So, I had put together a long post but then what I thought changed… So the hematologist had to back off of the CVID diagnosis. One of the tests took weeks to be conclusive. The “provocative” test consisted of immunizing me for a certain virus and then checking to see how my body responded. So after weeks the tests were in, and my body was producing anti-bodies so no CVID. Ugggh so back to square one. Well the hematologist, still very confident of his diagnosis, referred me to an Allergist/Immunologist.
In the meantime, no Prednisone, I was really back to square one.

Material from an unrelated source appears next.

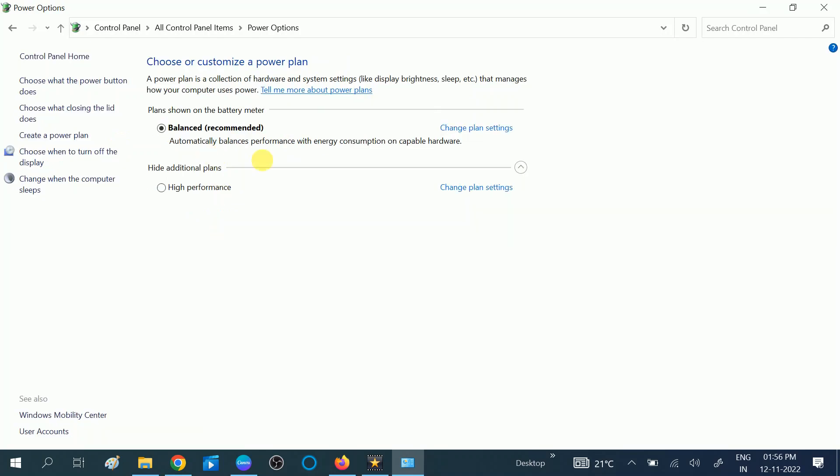Now you can see the plan has been deleted. So this is how you can use the high performance on your Windows 10, 11 and other versions. So hope this video is useful for you. If yes, then don't forget to like this video and subscribe my channel. Thank you, thanks for watching this video.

I see the allergist/immunologist, go over the lengthy history (at this point I am having a hard time remembering when things happened and what order they came in). His affiliation with both Cleveland Clinic as well as University Hospital he had access to both sources of doctor reports and testing results. A few questions and we were back down the CVID route. Another series of blood draws. Followed up in two weeks and he feels CVID is confirmed and wants the IVIG infusion (can’t call it treatment as it is more like maintenance/preventative measures) resumed.
So the takeaway was I have CVID. Most people with CVID present with chronic infections, then there is the 7% like me that in general do not present with obvious conditions. So the upside is I am not chronically ill, the downside is I can suffer surprise attacks like the DIC episode as well as the recent ITP and possibly the Transverse Myelitis.